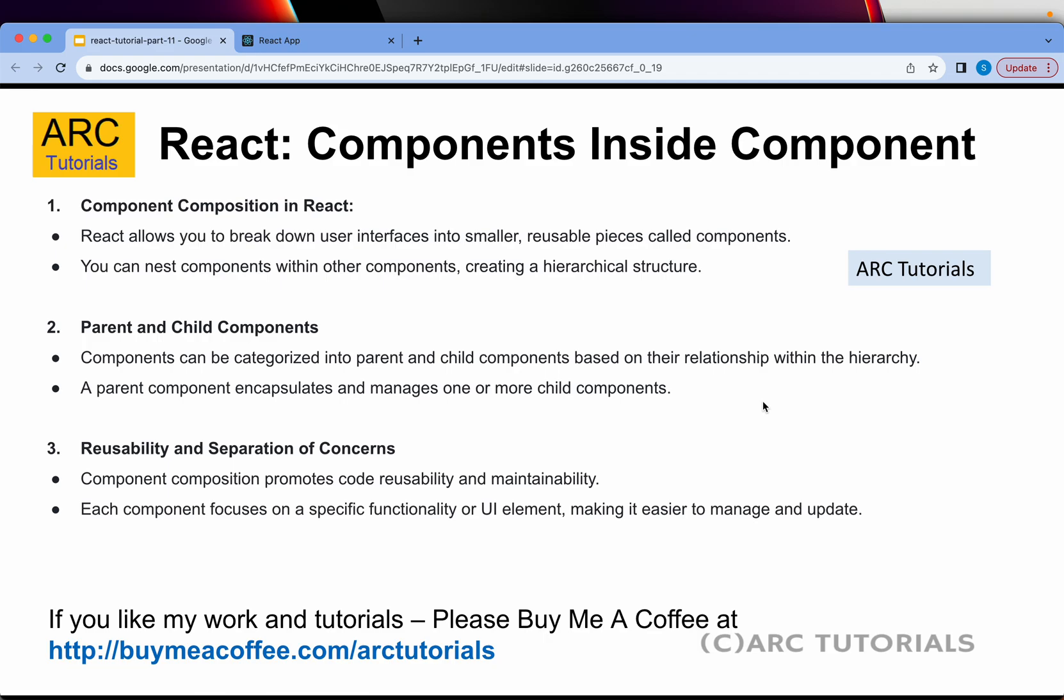We can nest components into other components which makes it a hierarchical structure. When we build hierarchy it can be categorized into parent and child components. This allows us to have reusability and better maintainability of the code. It also helps us in separation of the concerns which makes it easy to manage and update your code.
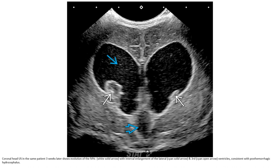This shows an intraventricular hemorrhage between the anterior and large posterior horns of the ventricle, consistent with a hemorrhagic infarction pattern.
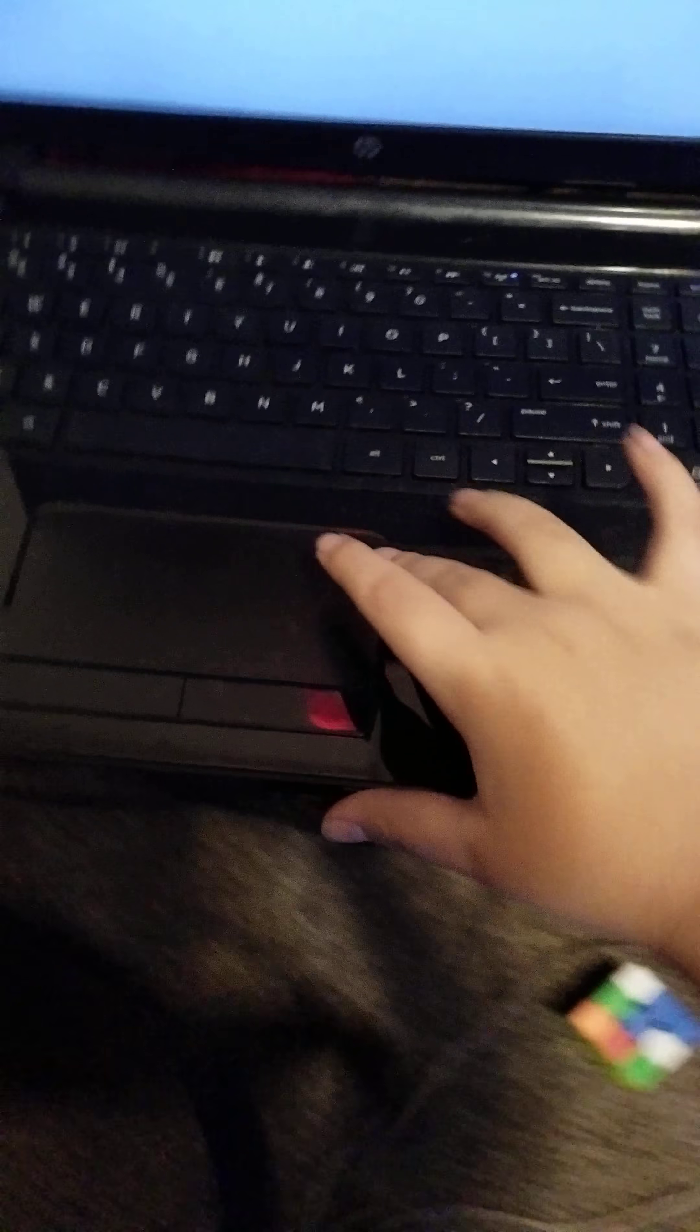Once you go to the site and cast, and then get your HDMI and plug it into your TV, you should see, as soon as you cast it to your computer, you should see a screen that looks like this.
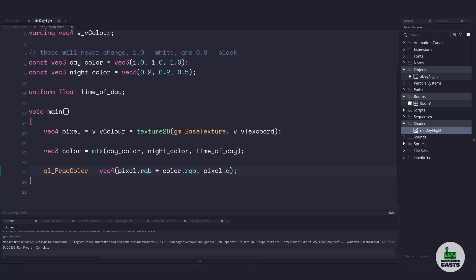I'm going to keep the original alpha color to pass through in the end. And this is the entire day night shader right here. So let's switch over to our object and see how we can actually use this.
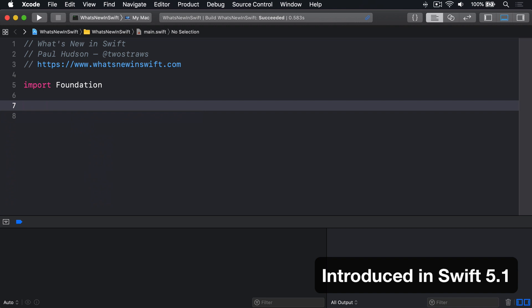SE0244 adds a concept of opaque types into Swift. An opaque type is one where we're told about what an object can do without specifically knowing what kind of object it is.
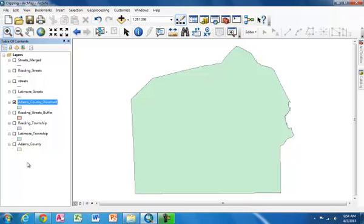In the lab exercises, you will also be using the append, multiple ring buffer, and intersect tools. However, this demo will get you started in the right direction. Thanks for watching, and have fun geoprocessing.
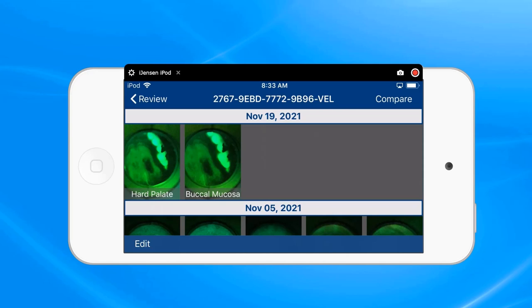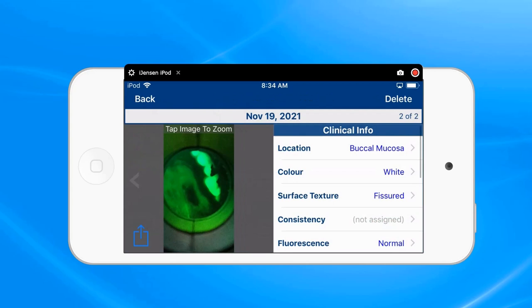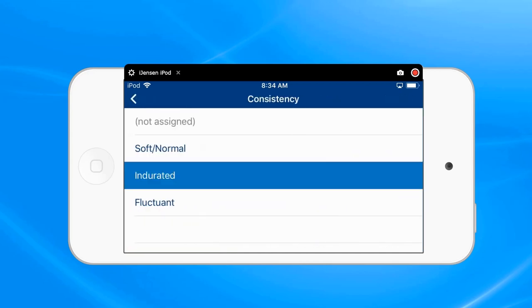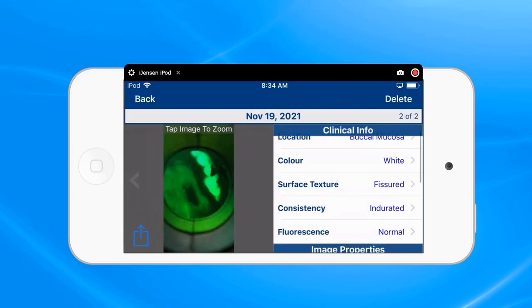So let's just say that we want to transfer the latest image and we'll just put buccal mucosal. You can always add information if we so desire if we did not put it in there previously. At this point, we have two options of how to transfer that image.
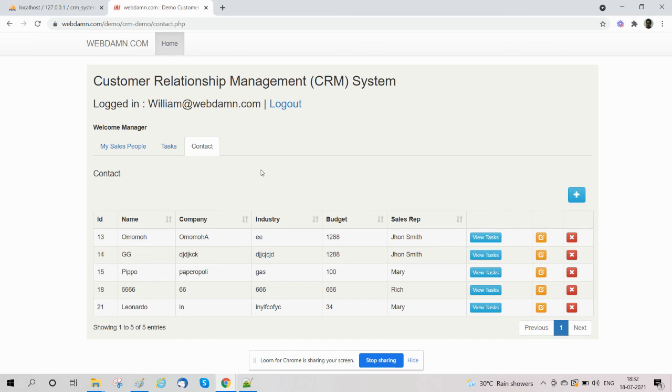So in this video, we have explained about the sales manager. In our next video, we will explain about sales people. So stay tuned for the next video. Thanks.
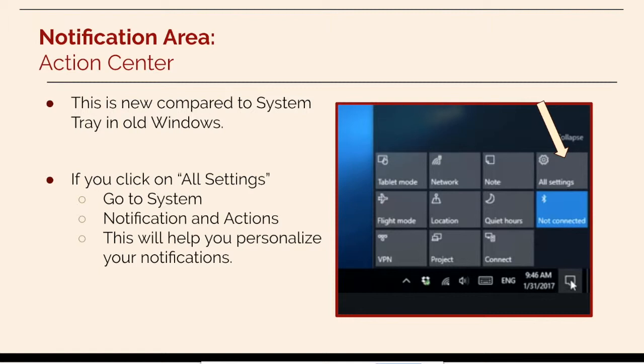The notification area also has an action center. This is new compared to the old system tray in Windows.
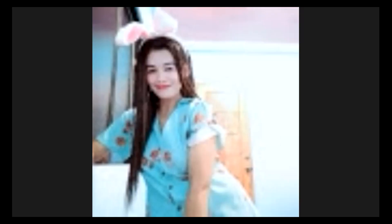I'll be sharing the template of the numeracy assessment tool — for learners as well as for teachers — in the description box. You can download the template and modify it as well if you want. Thank you for watching and please don't forget to subscribe to this YouTube channel. Thank you and have a great day. Bye!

• [ASSIGNMENT]
Only lines belong in the copy: transcribe those from the start of the data through the line that contains "SE0244 adds a", and skip the pictures.

• [RESPONSE TO THE EXERCISE]
We can nest components into other components which makes it a hierarchical structure. When we build hierarchy it can be categorized into parent and child components. This allows us to have reusability and better maintainability of the code. It also helps us in separation of the concerns which makes it easy to manage and update your code.
This shows an intraventricular hemorrhage between the anterior and large posterior horns of the ventricle, consistent with a hemorrhagic infarction pattern.
Once you go to the site and cast, and then get your HDMI and plug it into your TV, you should see, as soon as you cast it to your computer, you should see a screen that looks like this.
I'm going to keep the original alpha color to pass through in the end. And this is the entire day night shader right here. So let's switch over to our object and see how we can actually use this.
SE0244 adds a concept of opaque types into Swift. An opaque type is one where we're told about what an object can do without specifically knowing what kind of object it is.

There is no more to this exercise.